Por: Carlos Rozas (Pipo)

O que poucos têm dito é que Aylwin também foi quem fortaleceu a base para perpetuar o modelo neoliberal em todos os seus aspectos, uma vez que a Constituição de 80 foi mantida, o modelo econômico aprofundou-se, com mais privatizações, e manteve-se a impunidade para aqueles que cometeram abusos aos Direitos Humanos, pois, em suas palavras, a democracia deveria contar com “Cívis e Militares” e deveria fazer “justiça na medida do possível”.

Até agora, como tem sido a tendência, houve apenas retoques estéticos. Cada um dos administradores do Estado Chileno, Frei Ruiz Tagle, Lagos, Bachelet y Piñera, têm mantido a mesma rota. A Concertación (hoje nova maioria), junto à direita representada por Alianza por Chile (hoje Chile Vamos), empenhou-se em governar no âmbito de acordos que favoreceram somente os poderosos, ou seja, os empresários nacionais e/ou multinacionais que exploram este país.

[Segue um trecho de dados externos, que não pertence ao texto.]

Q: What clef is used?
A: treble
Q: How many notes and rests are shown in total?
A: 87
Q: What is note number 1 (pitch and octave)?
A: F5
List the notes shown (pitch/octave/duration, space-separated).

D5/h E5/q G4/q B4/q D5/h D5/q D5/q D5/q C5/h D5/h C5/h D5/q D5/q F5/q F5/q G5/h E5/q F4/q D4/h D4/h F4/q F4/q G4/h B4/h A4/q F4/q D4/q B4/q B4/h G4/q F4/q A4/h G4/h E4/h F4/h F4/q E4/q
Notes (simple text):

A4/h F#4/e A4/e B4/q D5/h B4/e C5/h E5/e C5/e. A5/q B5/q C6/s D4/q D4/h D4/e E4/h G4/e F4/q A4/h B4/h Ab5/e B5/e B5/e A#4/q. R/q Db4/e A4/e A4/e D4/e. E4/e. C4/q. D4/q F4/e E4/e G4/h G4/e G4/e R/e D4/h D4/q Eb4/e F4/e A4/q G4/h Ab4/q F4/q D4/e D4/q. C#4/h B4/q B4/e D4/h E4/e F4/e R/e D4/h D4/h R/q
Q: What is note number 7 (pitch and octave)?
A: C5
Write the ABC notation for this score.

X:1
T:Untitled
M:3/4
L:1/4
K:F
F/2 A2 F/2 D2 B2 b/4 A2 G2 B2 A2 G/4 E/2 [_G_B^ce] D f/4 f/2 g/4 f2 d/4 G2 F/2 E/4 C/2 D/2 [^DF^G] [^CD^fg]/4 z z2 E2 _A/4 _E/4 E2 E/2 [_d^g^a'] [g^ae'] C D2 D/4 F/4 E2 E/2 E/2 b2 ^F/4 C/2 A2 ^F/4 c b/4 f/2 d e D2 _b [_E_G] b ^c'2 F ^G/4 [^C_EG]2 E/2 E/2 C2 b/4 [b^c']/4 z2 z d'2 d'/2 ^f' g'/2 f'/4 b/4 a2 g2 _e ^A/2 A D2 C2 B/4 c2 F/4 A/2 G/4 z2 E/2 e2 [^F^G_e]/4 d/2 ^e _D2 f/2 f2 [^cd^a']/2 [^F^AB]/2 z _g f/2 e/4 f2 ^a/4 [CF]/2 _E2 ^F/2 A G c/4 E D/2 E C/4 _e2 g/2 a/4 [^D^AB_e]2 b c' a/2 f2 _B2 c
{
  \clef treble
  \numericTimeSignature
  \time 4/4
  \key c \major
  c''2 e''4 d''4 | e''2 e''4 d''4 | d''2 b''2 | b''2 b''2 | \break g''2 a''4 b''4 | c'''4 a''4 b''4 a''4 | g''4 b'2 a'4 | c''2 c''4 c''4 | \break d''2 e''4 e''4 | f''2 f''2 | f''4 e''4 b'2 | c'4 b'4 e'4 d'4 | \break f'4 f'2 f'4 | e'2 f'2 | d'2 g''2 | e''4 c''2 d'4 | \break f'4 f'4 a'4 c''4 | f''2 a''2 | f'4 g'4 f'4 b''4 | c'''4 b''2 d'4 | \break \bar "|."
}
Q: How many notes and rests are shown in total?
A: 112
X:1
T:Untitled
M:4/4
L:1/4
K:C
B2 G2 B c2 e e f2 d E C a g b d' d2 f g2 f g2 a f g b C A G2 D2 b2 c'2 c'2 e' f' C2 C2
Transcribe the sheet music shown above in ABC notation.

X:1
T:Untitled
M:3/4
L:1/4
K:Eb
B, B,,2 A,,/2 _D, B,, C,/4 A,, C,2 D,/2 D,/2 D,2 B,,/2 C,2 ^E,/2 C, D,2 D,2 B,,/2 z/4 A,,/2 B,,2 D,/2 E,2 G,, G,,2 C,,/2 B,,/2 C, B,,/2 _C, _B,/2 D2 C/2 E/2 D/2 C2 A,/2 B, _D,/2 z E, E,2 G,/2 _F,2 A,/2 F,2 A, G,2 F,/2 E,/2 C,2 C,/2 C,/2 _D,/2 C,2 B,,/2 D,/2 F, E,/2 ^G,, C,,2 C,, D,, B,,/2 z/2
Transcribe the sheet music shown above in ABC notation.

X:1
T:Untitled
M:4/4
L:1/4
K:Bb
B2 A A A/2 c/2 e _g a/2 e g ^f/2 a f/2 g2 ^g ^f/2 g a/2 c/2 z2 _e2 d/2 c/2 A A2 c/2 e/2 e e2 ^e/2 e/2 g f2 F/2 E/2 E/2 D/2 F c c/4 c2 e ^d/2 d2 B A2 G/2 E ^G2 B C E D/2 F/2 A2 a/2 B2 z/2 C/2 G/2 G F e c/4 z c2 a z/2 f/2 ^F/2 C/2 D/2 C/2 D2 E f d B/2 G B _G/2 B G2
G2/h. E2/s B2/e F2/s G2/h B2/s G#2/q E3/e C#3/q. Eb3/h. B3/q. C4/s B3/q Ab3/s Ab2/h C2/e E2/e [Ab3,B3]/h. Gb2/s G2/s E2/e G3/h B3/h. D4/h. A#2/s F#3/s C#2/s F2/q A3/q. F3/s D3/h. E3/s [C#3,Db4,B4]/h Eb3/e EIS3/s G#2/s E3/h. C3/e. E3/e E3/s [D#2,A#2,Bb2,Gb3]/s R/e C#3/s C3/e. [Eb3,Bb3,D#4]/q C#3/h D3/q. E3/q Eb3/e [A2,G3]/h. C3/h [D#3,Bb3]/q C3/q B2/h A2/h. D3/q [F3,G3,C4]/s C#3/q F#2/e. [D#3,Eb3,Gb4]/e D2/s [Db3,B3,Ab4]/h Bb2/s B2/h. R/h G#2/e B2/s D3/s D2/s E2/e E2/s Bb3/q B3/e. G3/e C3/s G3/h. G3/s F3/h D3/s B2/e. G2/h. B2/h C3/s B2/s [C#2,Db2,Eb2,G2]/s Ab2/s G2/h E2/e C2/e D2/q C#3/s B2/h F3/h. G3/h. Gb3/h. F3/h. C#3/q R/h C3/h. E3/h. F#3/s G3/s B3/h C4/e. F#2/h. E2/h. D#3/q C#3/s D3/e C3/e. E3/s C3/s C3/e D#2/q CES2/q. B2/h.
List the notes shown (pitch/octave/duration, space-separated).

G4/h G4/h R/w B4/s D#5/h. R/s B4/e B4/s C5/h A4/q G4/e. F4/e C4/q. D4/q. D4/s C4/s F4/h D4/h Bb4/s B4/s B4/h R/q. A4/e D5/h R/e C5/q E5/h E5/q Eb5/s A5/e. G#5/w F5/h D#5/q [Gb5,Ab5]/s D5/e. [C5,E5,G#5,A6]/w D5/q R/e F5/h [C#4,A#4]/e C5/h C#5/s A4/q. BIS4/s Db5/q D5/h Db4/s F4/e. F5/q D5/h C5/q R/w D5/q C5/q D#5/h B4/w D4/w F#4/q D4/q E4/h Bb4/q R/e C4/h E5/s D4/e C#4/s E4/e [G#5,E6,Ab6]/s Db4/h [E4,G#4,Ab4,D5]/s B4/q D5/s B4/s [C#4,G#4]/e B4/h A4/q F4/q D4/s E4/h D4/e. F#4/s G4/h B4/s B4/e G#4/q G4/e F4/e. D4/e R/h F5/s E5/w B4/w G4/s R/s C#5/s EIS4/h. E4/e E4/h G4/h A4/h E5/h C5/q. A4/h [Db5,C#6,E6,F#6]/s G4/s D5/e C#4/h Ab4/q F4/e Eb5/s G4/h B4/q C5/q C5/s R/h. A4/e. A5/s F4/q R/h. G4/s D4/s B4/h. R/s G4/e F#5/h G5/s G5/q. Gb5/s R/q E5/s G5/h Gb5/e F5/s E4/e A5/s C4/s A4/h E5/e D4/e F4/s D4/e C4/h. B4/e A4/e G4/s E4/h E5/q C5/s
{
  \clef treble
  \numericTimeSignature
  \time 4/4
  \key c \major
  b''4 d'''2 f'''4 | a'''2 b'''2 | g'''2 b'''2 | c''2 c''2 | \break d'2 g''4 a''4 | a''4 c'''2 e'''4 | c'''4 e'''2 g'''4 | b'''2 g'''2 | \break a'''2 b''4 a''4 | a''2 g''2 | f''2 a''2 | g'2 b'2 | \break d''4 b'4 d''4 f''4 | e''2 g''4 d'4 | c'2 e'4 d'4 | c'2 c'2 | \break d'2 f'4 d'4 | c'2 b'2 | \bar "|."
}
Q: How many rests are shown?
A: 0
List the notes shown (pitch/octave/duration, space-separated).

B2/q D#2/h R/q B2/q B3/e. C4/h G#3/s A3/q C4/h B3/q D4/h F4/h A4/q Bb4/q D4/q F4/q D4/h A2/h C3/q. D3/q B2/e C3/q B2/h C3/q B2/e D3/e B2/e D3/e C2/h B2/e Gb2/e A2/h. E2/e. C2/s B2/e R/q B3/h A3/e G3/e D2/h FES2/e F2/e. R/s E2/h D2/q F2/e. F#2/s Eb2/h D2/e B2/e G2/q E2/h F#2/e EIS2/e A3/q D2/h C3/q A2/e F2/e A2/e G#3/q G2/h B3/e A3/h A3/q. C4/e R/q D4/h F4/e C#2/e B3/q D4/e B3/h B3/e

Para nós e para a história do povo trabalhador, sua figura será lembrada como a de um golpista, que se uniu à direita representada por Sergio Onofre Jarpa[1], do Partido Nacional e, em unidade com imperialismo ianque, dirigido por Nixon e Kissinger, tramou para lançar o governo de Salvador Allende. Não foi por coincidência que o Ministro da Defesa de Aylwin foi Patricio Rojas, responsável pela união com os militares golpistas durante o Governo de Allende.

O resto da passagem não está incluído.